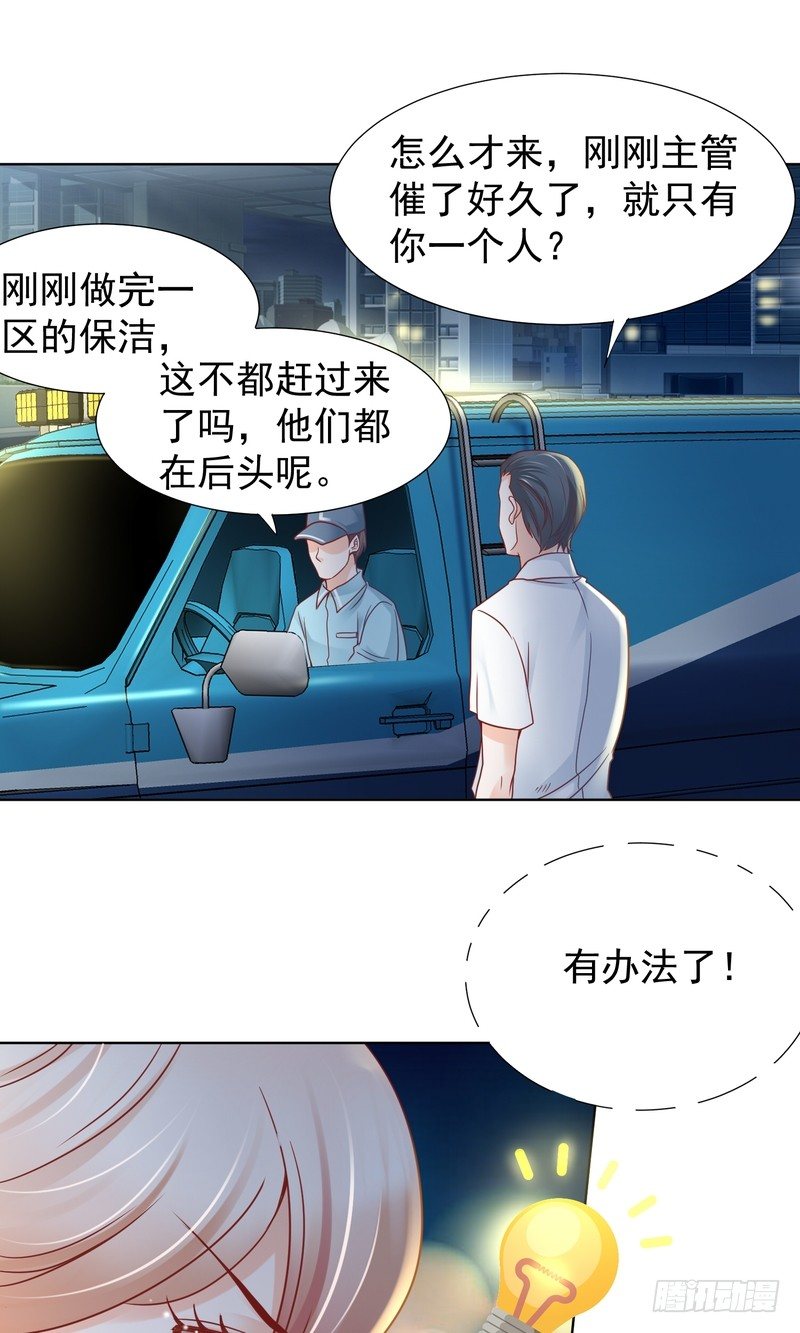 《丑闻游戏》22 第29页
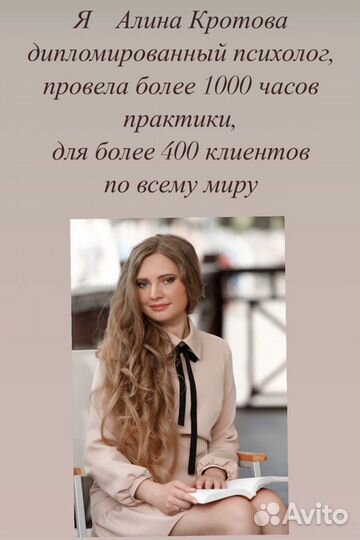 Консультация психолога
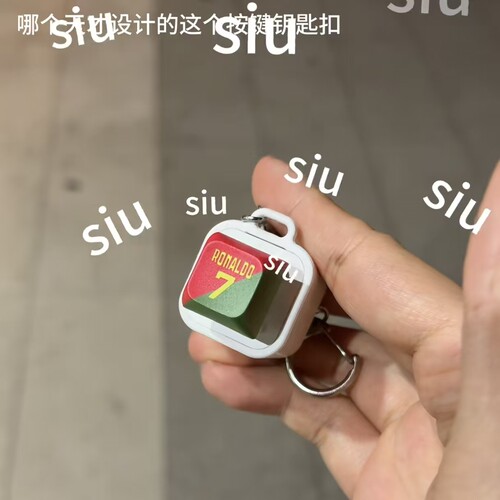 c罗按键挂件世界杯周边解压玩具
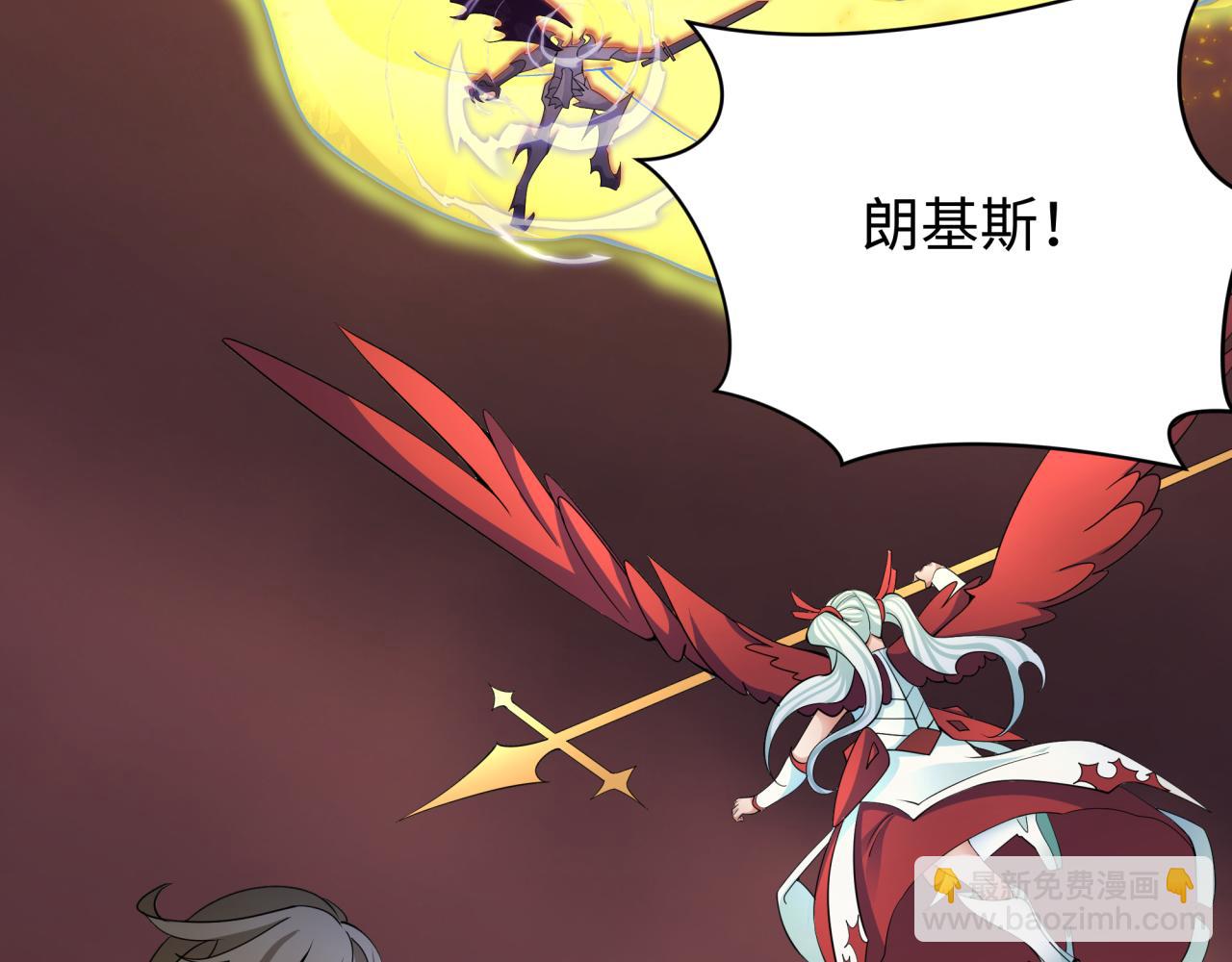 🍛全球诡异时代 第325话 清竹归来！ 第30页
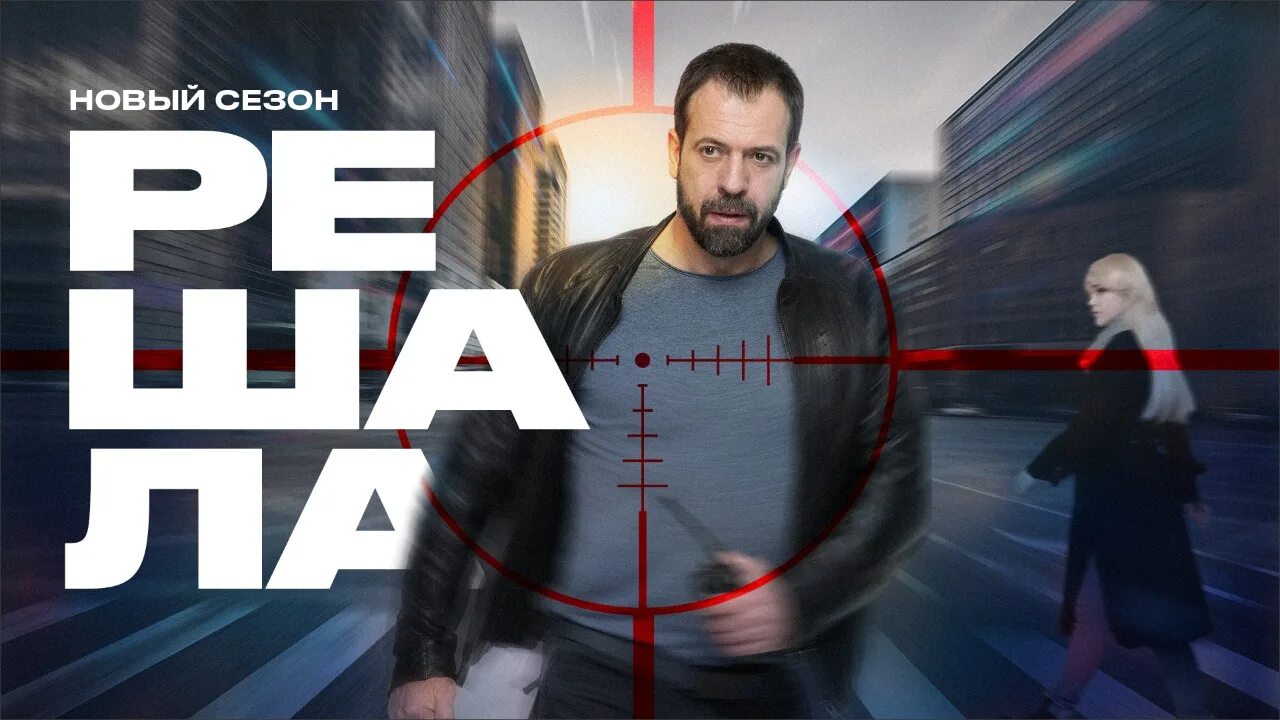 Че нового
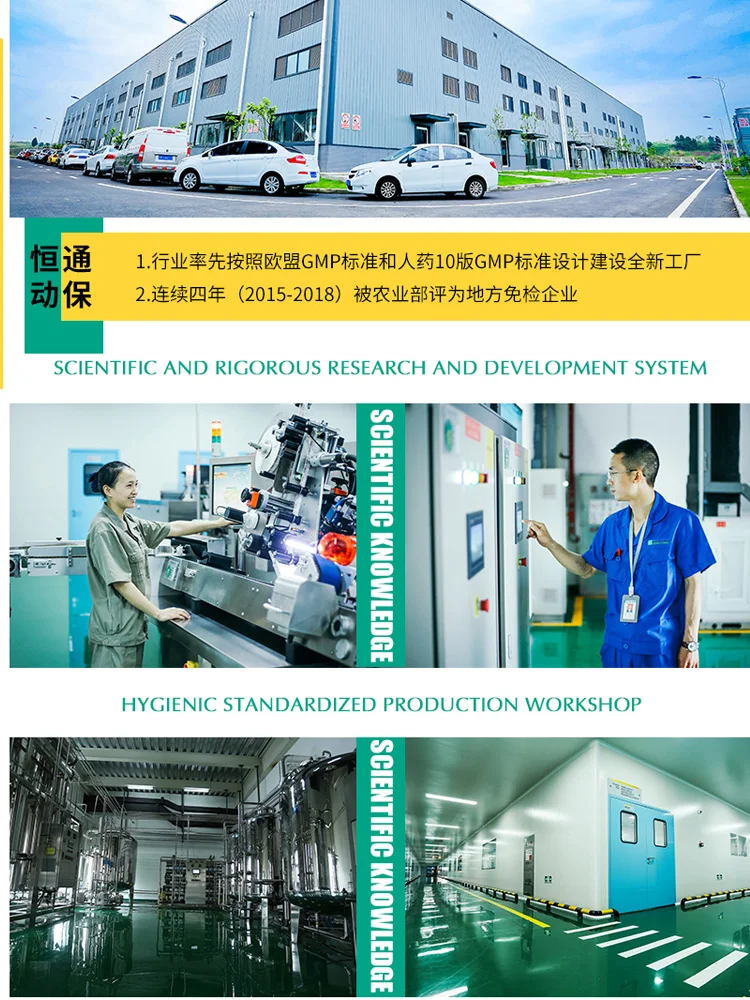 Pet dog body insect repellent large dog Demu Golden Retriever tablets oral insecticide Schistosomiasis roundworm 
Pet dog body insect repellent large dog Demu Golden Retriever tablets oral insecticide Schistosomiasis roundworm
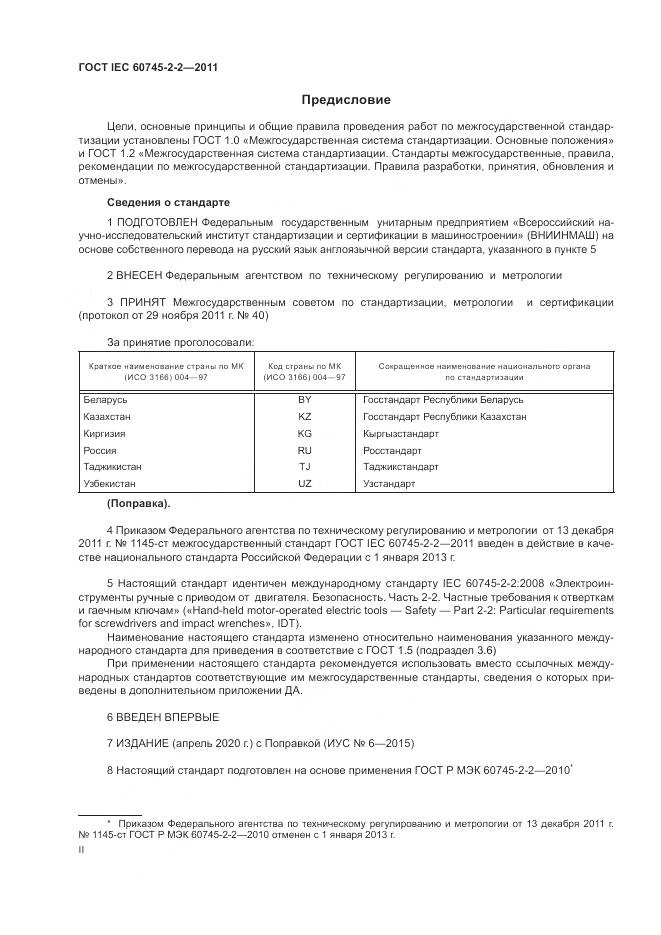 ГОСТ IEC 60745-2-2-2011, страница 2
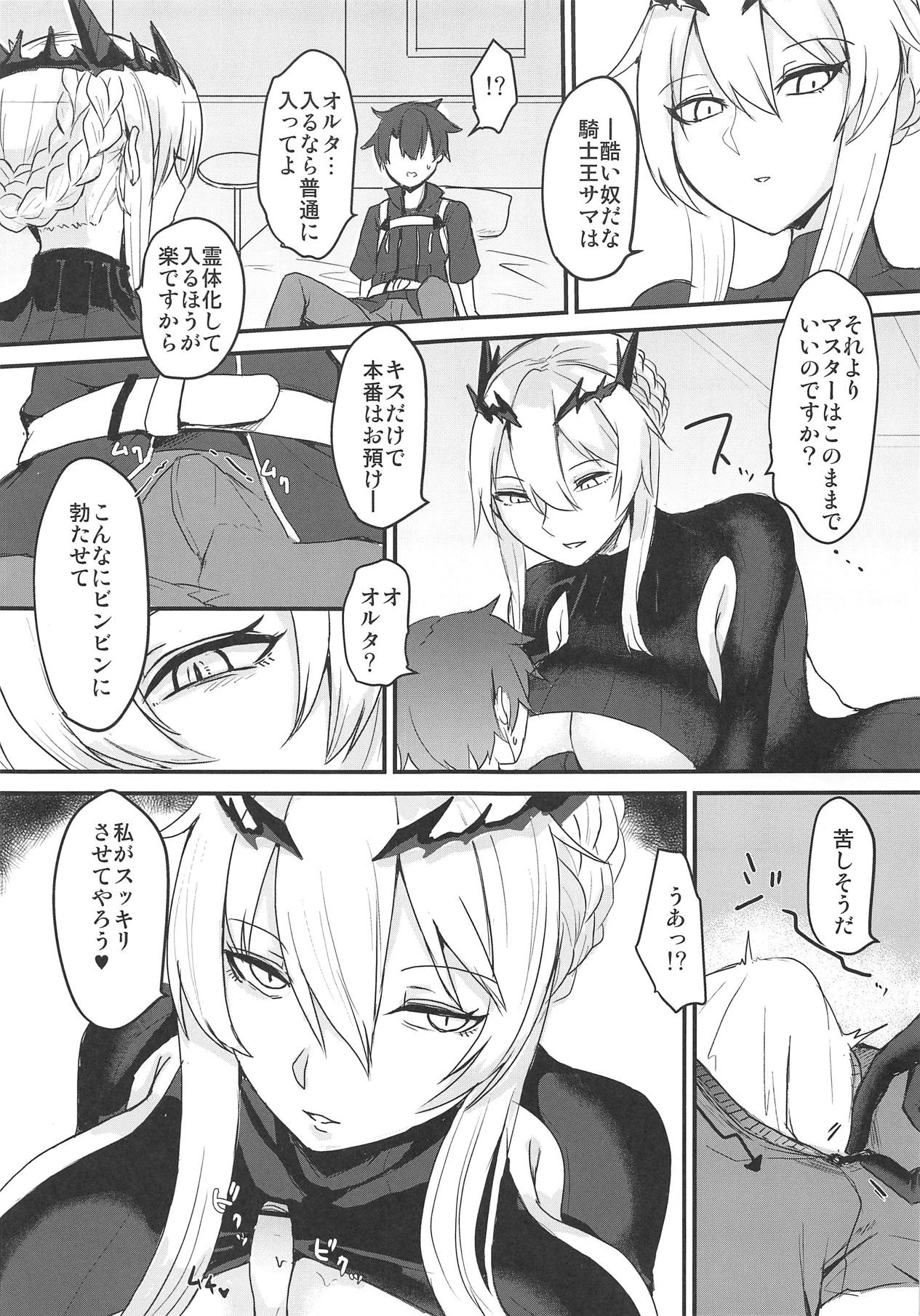 (COMIC1☆15) [Tesla pod (Elimiko)] Ou-sama Futari ni Shiborareru. (Fate/Grand Order) page 4 full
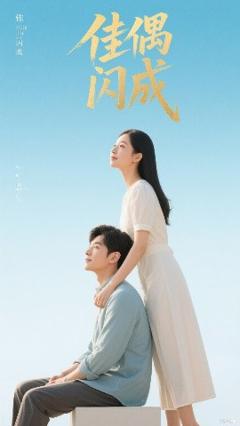《佳偶闪成&假婚真爱》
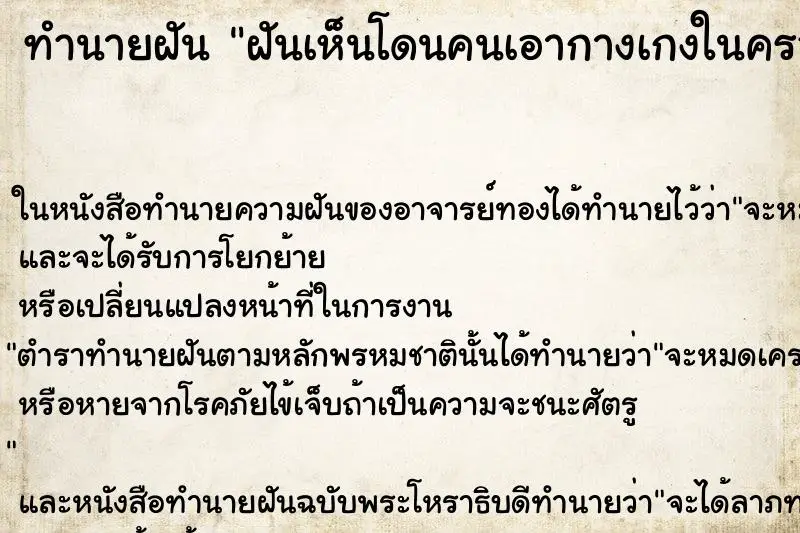ทำนายฝัน ฝันเห็นโดนคนเอากางเกงในครอบหัว คื 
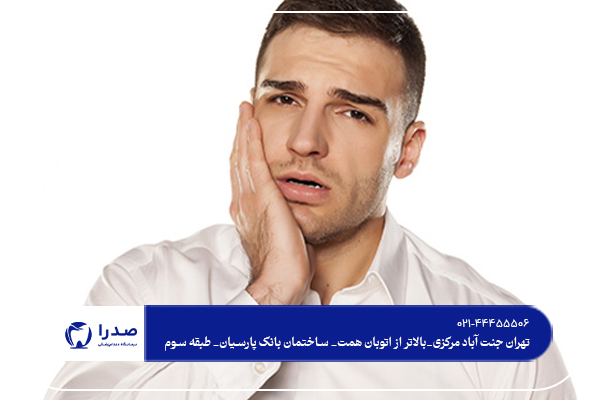 چرا بعد از پر کردن دندان درد داریم؟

> Your objective: Write out all the entries again, word for word, and print no images.

> Result for this task:
 《丑闻游戏》22 第29页
 Консультация психолога
 c罗按键挂件世界杯周边解压玩具
 🍛全球诡异时代 第325话 清竹归来！ 第30页
 Че нового
 Pet dog body insect repellent large dog Demu Golden Retriever tablets oral insecticide Schistosomiasis roundworm 
Pet dog body insect repellent large dog Demu Golden Retriever tablets oral insecticide Schistosomiasis roundworm
 ГОСТ IEC 60745-2-2-2011, страница 2
 (COMIC1☆15) [Tesla pod (Elimiko)] Ou-sama Futari ni Shiborareru. (Fate/Grand Order) page 4 full
《佳偶闪成&假婚真爱》
ทำนายฝัน ฝันเห็นโดนคนเอากางเกงในครอบหัว คื 
 چرا بعد از پر کردن دندان درد داریم؟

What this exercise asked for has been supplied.